■ **Action item**:
In the records below, find the line with "Lanyard Cell Phone Strap Universal K15 Pink" and repeat exactly every line from it through the line with "Điều khoản sử". Pictures stay out.

(Material for this exercise)

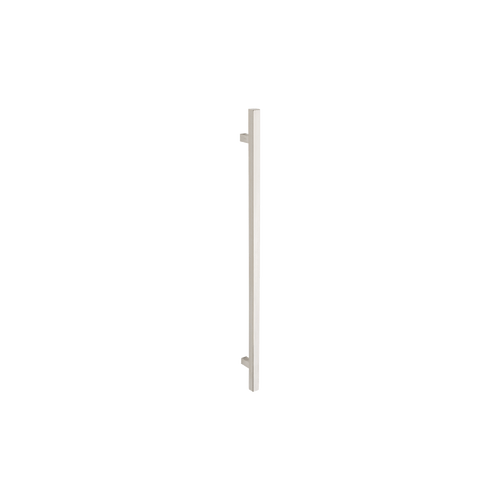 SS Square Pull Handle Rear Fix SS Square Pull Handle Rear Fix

(End Material for this exercise)
(Material for this exercise)

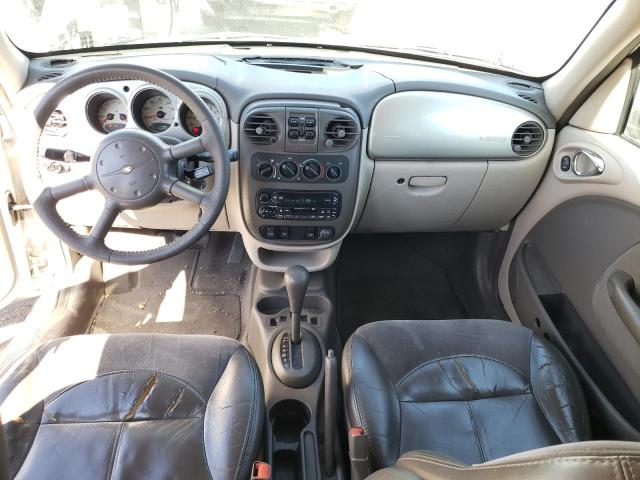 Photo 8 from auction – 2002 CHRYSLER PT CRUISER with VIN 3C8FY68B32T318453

(End Material for this exercise)
(Material for this exercise)

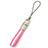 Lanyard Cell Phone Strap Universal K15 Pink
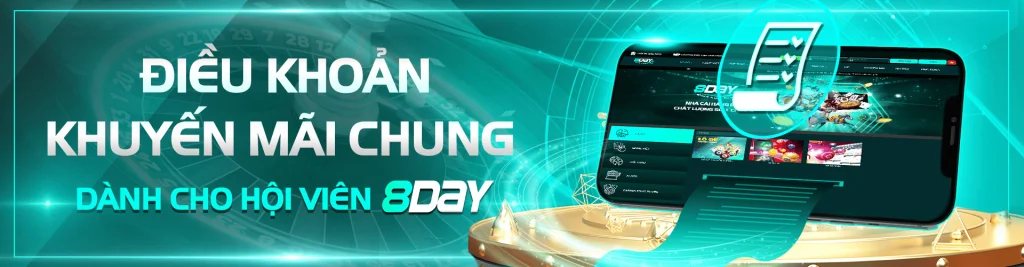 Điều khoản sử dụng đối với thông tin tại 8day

(End Material for this exercise)

■ **Answer to the exercise**:
 Lanyard Cell Phone Strap Universal K15 Pink
 Điều khoản sử dụng đối với thông tin tại 8day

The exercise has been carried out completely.